Quick I.T. Security Wins

By Suzie Cowling|23rd March 2021

Ransomware protection, ransomware contracts
This month marks the anniversary of when we started Lockdown and as we stated in our Spring newsletter, the cyberthreats and cybersecurity incidents just keep increasing. I had a chat with Chris Lord, our technical director, and he pointed out a few quick IT security wins that people can adopt very easily and could make a huge difference to on-line security.

Our work lives are busy and can be stressful with our email inboxes filling on a daily basis with a variety of requests. One of which may ask you to enter your O365 details, only for you to realise  afterwards that you have just become another victim of a cyberattack and when you actually look at it properly, the logo isn’t as sharp as it should be and the grammar and punctuation are obviously shocking…what do they say about hindsight…? 

A company, with the help of their IT provider or in-house team, can install a myriad of technological solutions to minimise the risk and these will provide protection but at the end of the day, the biggest vulnerability is the end-user.  
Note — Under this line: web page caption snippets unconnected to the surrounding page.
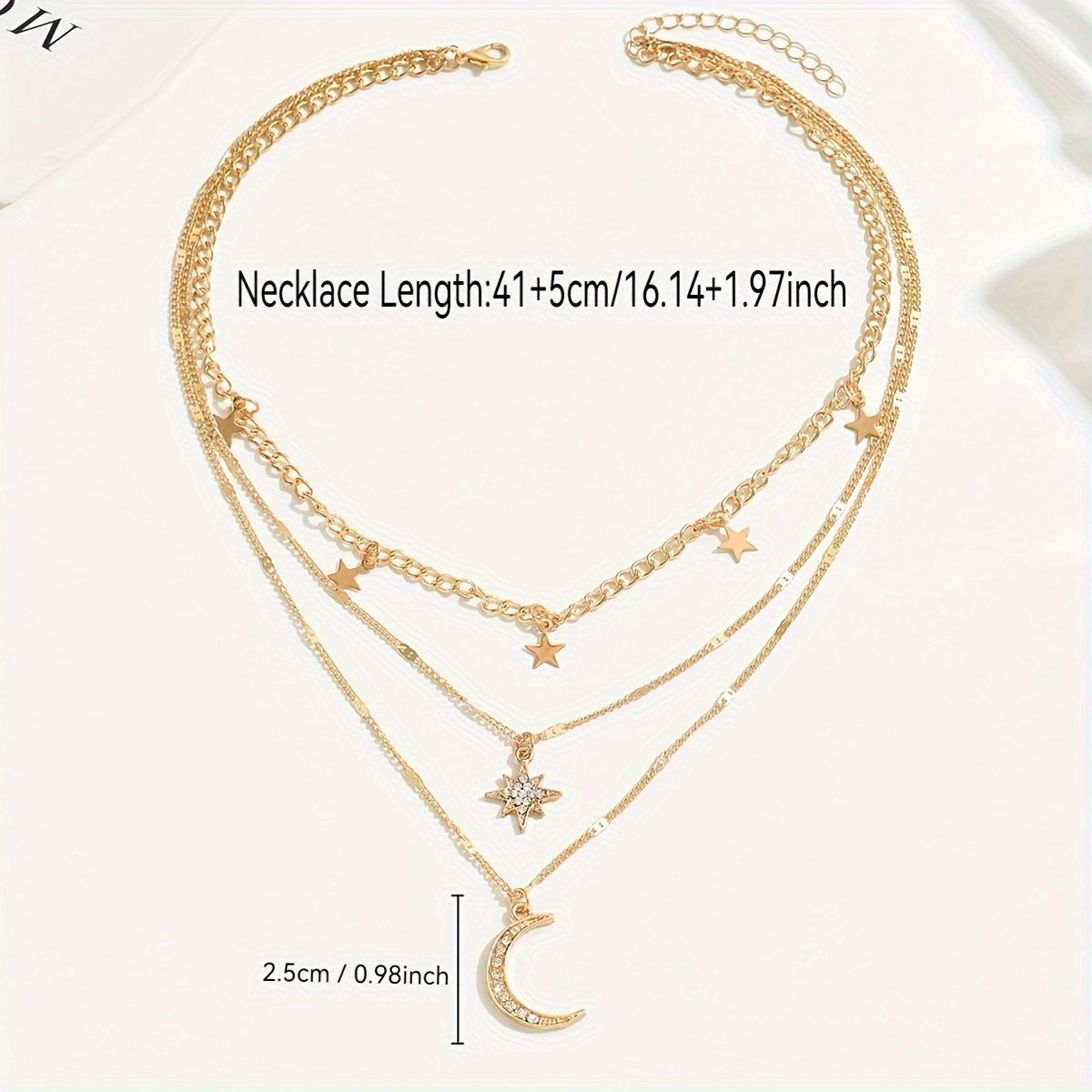 Stylish Multi Layer Pentagram Crescent Pendant Double... From Choushoukeji, &Price; | DHgate.Com - Image 3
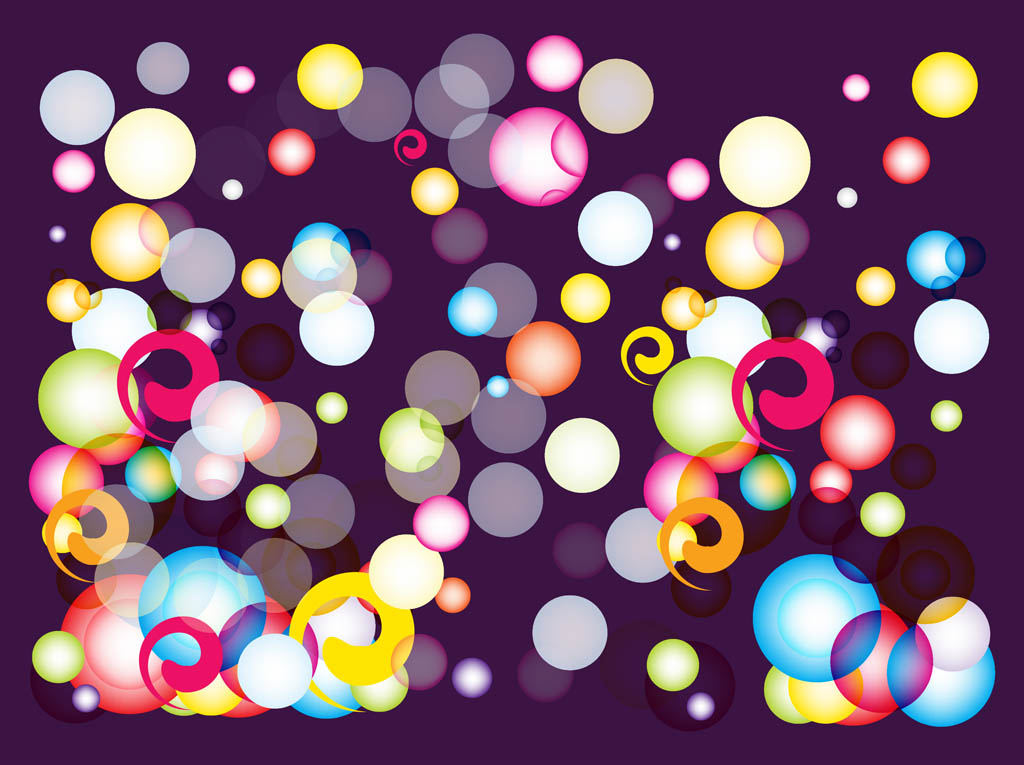 Colorful Bubbles Graphics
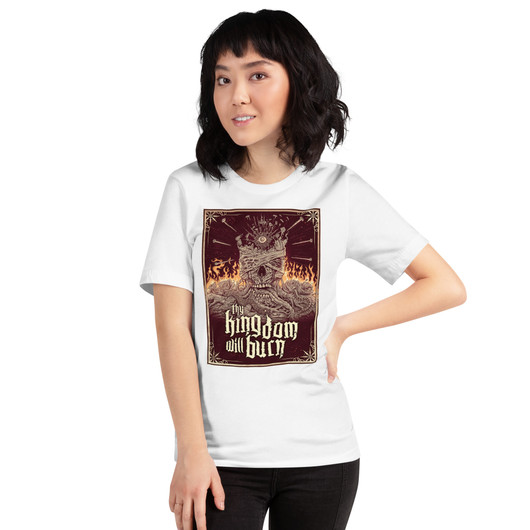Thy Kingdom Will Burn - Album Cover - Premium T-Shirt
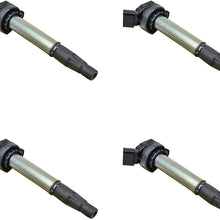 Rlfearl 4Pcs Ignition Coils Compatible with Toyata Corolla Prius Matrix V CT200H XD 1.8L L4 UF-596 UF-619 C1714 90919-02252 90919-02258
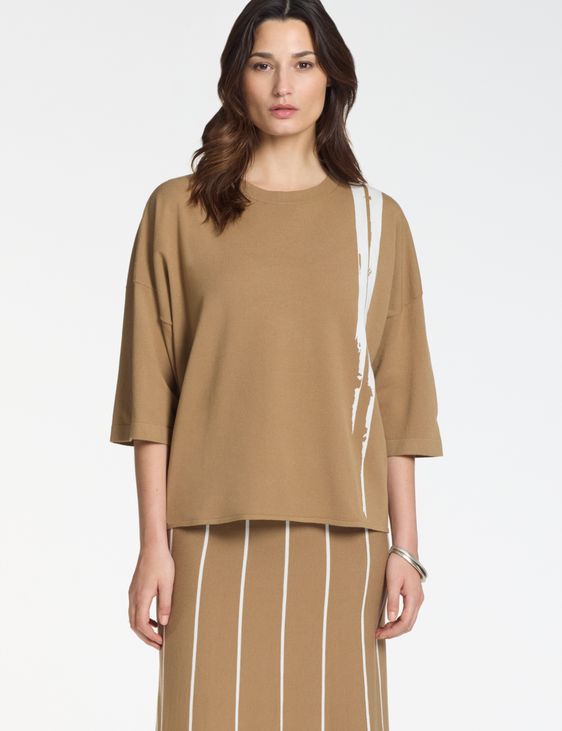 Sarah Pacini Oversized sweater – 3/4 sleeves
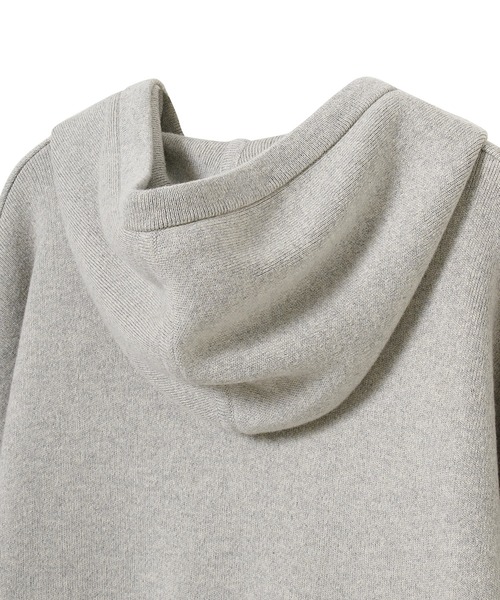 コットンカシミヤニットジップフーディー（パーカー）｜N.O.R.C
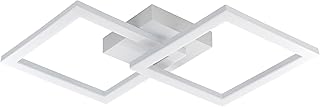 EGLO LED Deckenleuchte Huerta, geometrische Deckenlampe, Deckenbeleuchtung aus Metall und Kunstst…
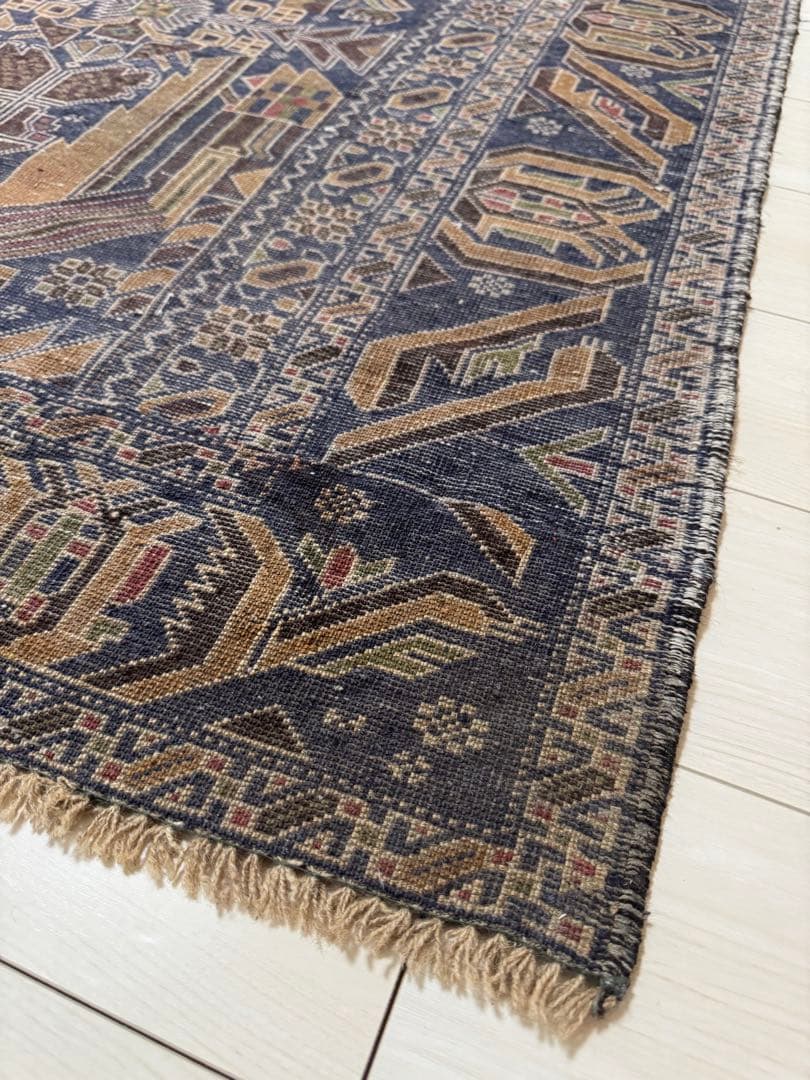 ペルシャ絨毯 170×115 紺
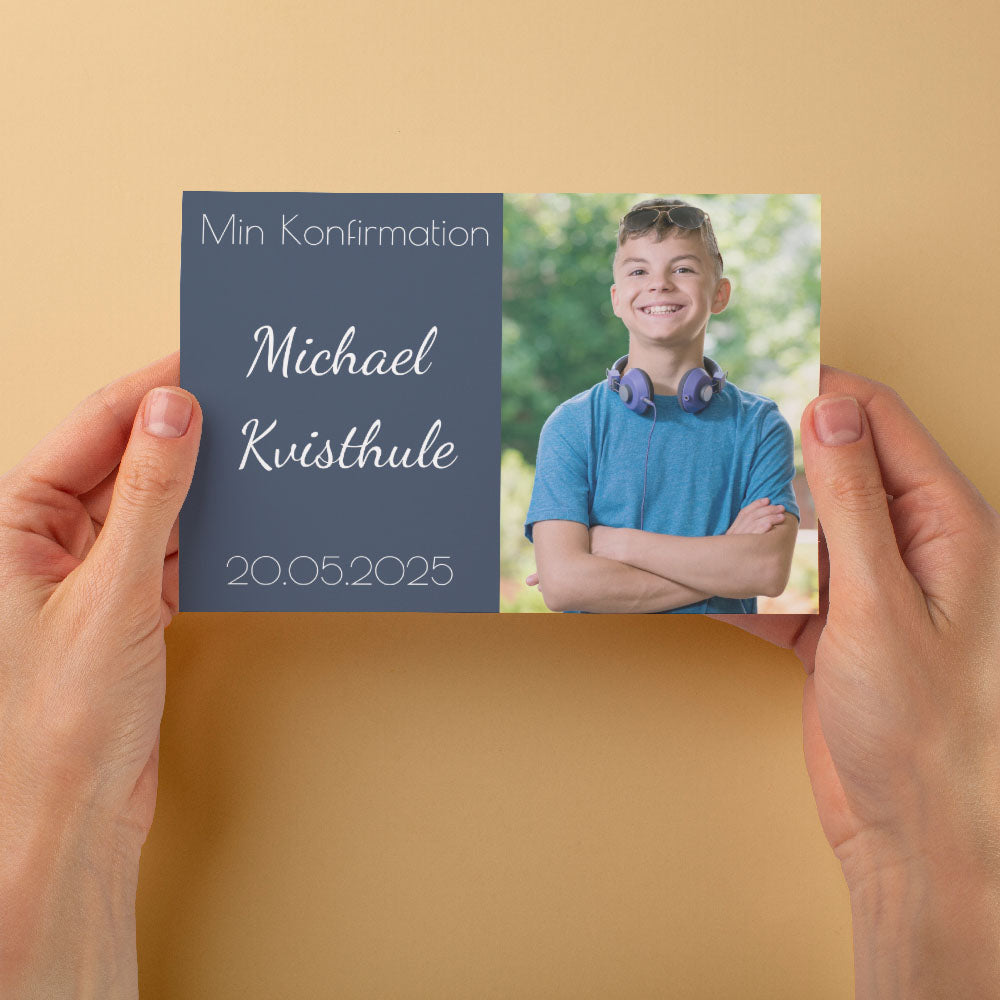 Indbydelse Til Konfirmation   Design 1 fra Dinfotobog.dk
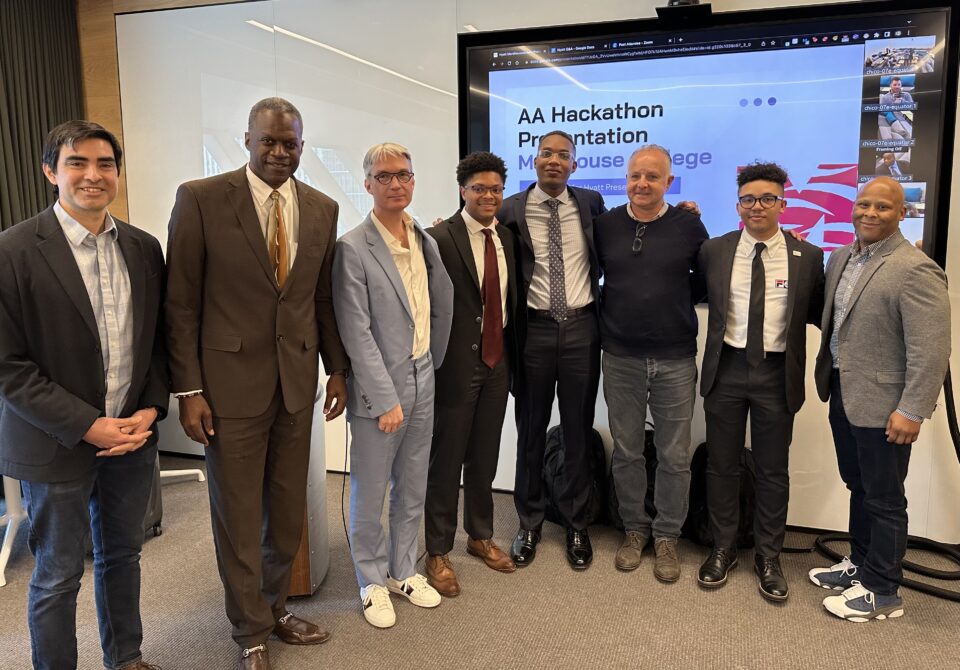 Hyatt hotel, Morehouse college winners, Hackathon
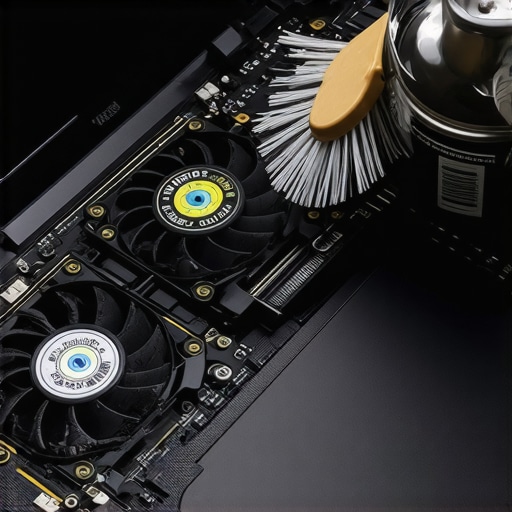 An open laptop being cleaned of dust to prevent thermal throttling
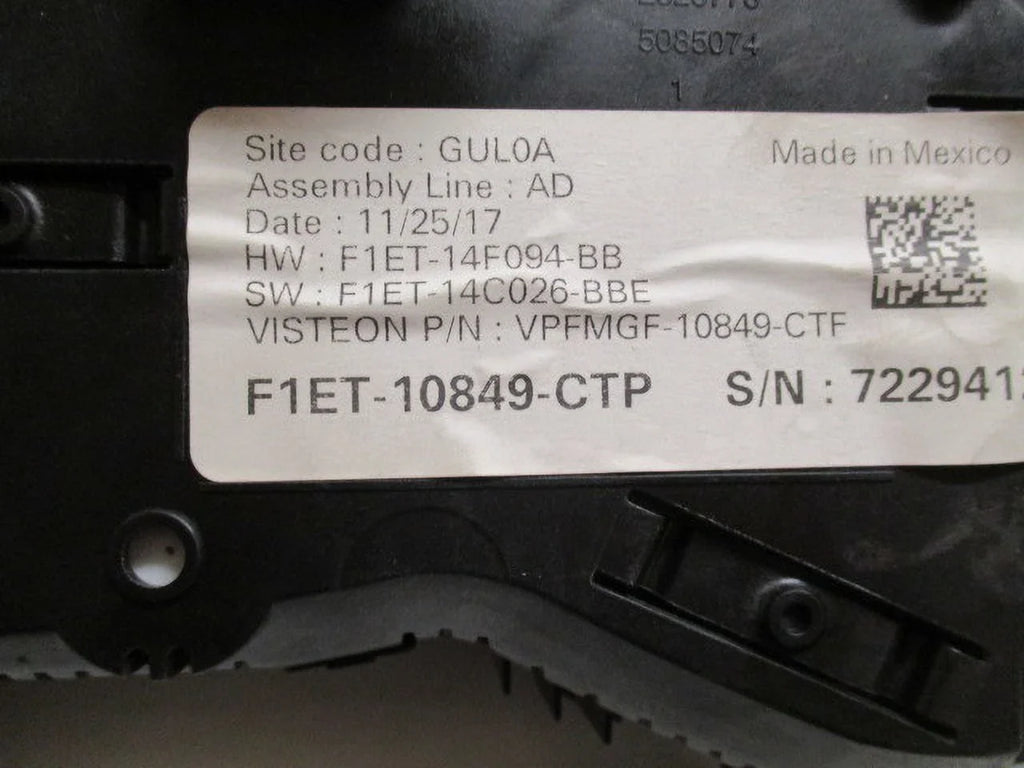 Pre-Owned (Good) LKQ Focus Speedometer Cluster Ford MPH OEM 2018 2017 19K Speedo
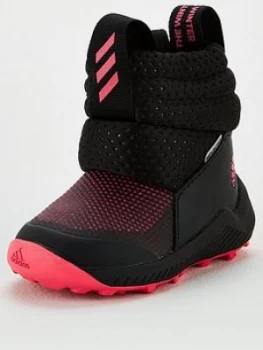 Adidas Younger Kids Rapidasnow Snow Boots - Black/Pink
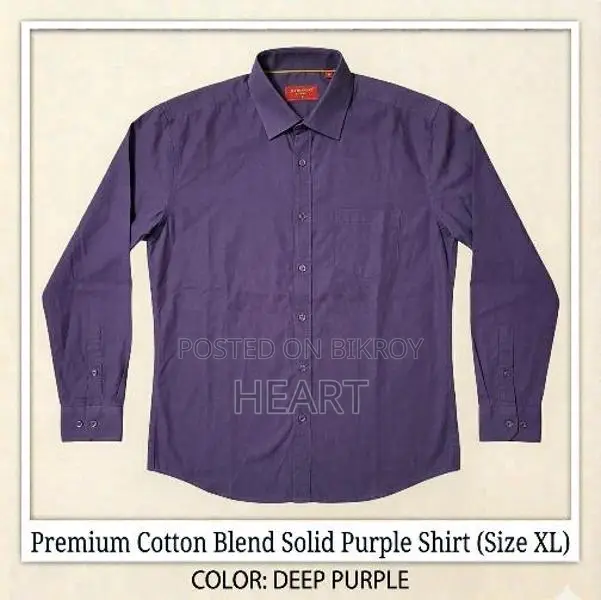 Summer Friendly 100% Pure Cotton Shirt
It is still a common occurrence to see very weak passwords being used. Chris Lord, our technical director, wrote about this very subject over two years ago – where he recommended using 12 characters, easy to remember but hard to guess passphrases instead of passwords  – https://www.deansplc.co.uk/forget-passwords/. A company-wide directive requesting that all staff adopt this route would make such a difference, taking little effort to implement and also at little or no cost. 

We all have those moments when we need to get some work finished or place an order for something urgent and we cannot remember our password and then panic sets in. Again, Chris Lord recommends a couple of easy to implement actions. Firstly, storing all passwords in a ‘note’ on a modern iPhone or Android device with a 6 digit PIN that is very secure (as long as no one knows your pin!) and secondly storing all passwords in a password protected Excel or Word document which gives AES 256-bit encryption.  

Another quick win solution is to check for all Microsoft updates, we all know that it can be a pain when the reminder message comes up and we are in the middle of something, so we press ignore and continue to ignore. However, there is a very good reason behind those updates – SECURITY! Security updates work to protect against new and ongoing threats. These cyber criminals do not sit back, they are developing new and more sophisticated threats all the time. New malware is released every day and without these security patches from windows updates your whole network is more at risk. – there are also other benefits to updating – read about them here – https://www.deansplc.co.uk/microsoft-updates/

There are many organisations publishing helpful advice that you can get for free – for example, the National Cyber Security Centre has information for individuals, families, and companies. Their infographic on Phishing is well worth a read – https://www.ncsc.gov.uk/files/Phishing-attacks-dealing-suspicious-emails-infographic.pdf and should be circulated to all members of the team. Regular memos to staff reminding them to stay vigilant could save money and heartache.